The GROUP BY clause groups rows in the result into subsets that have matching values for one or more columns.
GROUP BY clauses are typically used with aggregates.
If there is a GROUP BY clause, the SELECT clause must contain only aggregates or grouping columns. If you
want to include a non-grouped column in the SELECT clause, include the column in an aggregate expression.
For example:
-- List number of customers holding a security
- average quantity of security ,
-- the security ID,
-- for all securities in the PORTFOLIO table.

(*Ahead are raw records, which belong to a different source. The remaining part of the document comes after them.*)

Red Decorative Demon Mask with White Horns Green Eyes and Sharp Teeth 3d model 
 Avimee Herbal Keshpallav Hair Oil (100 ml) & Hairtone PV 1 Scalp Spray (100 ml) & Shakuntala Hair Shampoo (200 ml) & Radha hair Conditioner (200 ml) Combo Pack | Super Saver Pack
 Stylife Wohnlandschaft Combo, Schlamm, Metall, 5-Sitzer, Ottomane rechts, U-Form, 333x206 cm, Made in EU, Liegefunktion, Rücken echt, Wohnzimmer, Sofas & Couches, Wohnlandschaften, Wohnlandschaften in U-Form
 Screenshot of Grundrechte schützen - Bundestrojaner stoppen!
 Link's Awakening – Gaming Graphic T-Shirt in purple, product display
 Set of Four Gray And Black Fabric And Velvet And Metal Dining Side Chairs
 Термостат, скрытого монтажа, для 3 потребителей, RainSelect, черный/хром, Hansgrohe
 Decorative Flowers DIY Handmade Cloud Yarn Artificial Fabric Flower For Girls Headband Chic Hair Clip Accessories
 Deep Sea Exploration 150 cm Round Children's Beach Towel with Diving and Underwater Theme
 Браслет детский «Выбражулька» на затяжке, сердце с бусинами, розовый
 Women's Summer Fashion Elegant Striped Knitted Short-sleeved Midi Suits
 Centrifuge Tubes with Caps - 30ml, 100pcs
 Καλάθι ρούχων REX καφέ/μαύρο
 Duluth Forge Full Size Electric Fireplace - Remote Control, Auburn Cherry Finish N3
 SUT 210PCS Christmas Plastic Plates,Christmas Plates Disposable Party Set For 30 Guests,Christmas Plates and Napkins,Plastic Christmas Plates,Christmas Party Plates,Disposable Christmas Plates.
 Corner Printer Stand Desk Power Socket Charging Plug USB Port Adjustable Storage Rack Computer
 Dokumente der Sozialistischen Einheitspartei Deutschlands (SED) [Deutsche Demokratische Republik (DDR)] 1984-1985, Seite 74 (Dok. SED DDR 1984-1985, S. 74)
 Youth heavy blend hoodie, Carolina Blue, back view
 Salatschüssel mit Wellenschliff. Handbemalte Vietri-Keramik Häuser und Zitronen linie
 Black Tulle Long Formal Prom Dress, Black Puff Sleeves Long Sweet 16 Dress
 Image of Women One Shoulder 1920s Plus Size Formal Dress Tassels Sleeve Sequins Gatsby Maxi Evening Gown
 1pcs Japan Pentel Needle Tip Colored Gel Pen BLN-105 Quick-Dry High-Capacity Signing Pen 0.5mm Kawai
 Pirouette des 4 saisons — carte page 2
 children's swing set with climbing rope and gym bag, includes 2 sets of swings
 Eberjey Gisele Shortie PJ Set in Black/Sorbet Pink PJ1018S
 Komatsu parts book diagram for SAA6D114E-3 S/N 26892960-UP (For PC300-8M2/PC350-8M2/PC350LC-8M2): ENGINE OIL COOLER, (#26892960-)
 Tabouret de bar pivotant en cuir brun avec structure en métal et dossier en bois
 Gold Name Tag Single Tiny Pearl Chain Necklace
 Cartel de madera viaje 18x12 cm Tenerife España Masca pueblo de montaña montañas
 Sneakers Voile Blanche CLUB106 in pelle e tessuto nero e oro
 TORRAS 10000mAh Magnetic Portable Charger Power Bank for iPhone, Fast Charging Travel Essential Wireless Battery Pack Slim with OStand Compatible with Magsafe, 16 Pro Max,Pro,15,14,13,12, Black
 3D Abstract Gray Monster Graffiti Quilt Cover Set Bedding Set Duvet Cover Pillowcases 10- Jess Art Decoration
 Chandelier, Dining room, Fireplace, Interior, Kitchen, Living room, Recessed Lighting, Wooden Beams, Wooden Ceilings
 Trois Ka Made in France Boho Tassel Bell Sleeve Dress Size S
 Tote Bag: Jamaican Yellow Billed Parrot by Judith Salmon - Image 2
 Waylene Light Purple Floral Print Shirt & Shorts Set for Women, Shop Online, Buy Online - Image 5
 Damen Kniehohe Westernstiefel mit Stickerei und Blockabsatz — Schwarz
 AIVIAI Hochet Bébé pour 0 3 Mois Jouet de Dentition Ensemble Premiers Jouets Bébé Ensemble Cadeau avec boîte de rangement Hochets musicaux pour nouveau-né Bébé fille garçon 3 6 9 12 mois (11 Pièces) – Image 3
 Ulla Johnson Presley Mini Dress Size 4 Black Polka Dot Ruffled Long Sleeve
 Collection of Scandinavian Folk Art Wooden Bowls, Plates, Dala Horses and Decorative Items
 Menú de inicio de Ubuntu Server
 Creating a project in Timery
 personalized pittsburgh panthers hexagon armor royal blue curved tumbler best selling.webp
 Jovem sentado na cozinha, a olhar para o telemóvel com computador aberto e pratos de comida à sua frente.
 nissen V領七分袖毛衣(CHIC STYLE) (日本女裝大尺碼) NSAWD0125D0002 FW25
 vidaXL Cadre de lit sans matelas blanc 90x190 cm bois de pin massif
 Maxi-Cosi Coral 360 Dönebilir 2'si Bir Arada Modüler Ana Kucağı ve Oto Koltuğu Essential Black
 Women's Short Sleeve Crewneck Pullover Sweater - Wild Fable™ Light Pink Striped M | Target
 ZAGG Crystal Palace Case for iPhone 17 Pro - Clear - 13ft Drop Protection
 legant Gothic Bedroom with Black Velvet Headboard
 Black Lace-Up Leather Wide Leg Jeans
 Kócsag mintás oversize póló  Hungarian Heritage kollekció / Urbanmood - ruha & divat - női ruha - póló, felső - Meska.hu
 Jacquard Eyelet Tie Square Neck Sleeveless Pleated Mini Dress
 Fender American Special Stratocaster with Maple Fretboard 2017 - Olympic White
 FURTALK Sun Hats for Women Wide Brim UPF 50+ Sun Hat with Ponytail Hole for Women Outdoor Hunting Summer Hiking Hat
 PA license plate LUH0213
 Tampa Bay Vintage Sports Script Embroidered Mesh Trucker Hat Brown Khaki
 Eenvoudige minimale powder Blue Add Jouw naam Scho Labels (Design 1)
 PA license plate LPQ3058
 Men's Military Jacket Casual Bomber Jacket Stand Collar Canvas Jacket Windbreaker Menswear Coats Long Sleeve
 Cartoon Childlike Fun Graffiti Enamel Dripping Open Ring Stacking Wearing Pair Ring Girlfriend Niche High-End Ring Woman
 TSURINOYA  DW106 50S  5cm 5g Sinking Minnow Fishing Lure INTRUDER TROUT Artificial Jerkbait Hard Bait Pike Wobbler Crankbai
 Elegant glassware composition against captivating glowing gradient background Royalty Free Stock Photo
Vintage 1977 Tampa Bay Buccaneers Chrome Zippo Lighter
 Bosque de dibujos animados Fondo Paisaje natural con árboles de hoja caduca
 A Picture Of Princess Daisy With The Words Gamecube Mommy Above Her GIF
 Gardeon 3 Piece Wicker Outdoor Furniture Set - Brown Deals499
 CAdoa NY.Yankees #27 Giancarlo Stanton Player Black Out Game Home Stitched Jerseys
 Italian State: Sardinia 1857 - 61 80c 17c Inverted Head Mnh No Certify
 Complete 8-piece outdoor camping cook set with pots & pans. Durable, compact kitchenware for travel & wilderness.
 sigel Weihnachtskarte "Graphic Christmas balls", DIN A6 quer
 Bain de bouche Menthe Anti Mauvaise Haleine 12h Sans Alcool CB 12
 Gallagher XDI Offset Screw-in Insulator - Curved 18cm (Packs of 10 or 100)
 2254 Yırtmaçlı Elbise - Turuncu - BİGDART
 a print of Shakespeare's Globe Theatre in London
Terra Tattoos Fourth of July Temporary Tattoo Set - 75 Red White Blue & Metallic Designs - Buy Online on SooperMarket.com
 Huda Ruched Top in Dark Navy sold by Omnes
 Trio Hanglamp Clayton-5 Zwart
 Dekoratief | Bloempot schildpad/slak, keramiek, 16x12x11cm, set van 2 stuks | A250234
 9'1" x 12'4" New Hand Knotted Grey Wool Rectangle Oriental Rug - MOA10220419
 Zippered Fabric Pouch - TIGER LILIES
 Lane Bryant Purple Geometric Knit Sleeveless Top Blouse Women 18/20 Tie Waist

-- Arrange the result table in ascending order by average quantity.
SELECT COUNT(*),SID,AVG(QTY)
FROM TRADE.PORTFOLIO
GROUP BY SID
ORDER BY 3
If there is no GROUP BY clause, but a SelectItem contains an aggregate not in a subquery, the query is implicitly
grouped. The entire table is the single group.
The HAVING clause restricts a grouped table, specifying a search condition (much like a WHERE clause) that
can refer only to grouping columns or aggregates from the current scope. The HAVING clause is applied to each
group of the grouped table. If the HAVING clause evaluates to TRUE, the row is retained for further processing.
If the HAVING clause evaluates to FALSE or NULL, the row is discarded. If there is a HAVING clause but no
GROUP BY, the table is implicitly grouped into one group for the entire table.
SQLFire processes a SelectExpression in the following order:
FROM clause
WHERE clause
GROUP BY (or implicit GROUP BY)
HAVING clause
SELECT clause
The result of a SelectExpression is always a table.
When a query does not have a FROM clause (when you are constructing a value, not getting data out of a table),
you use a VALUES expression, not a SelectExpression. For example:
VALUES CURRENT_TIMESTAMP
The * wildcard
* expands to all columns in the tables in the associated FROM clause.
table-Name .* and correlation-Name.* expand to all columns in the identied table. That table must be listed in
the associated FROM clause.
Naming columns
You can name a SelectItem column using the AS clause. If a column of a SelectItem is not a simple
ColumnReference expression or named with an AS clause, it is given a generated unique name.
These column names are useful in several cases:
They are made available on the JDBC ResultSetMetaData.
They are used as the names of the columns in the resulting table when the SelectExpression is used as a table
subquery in a FROM CLAUSE.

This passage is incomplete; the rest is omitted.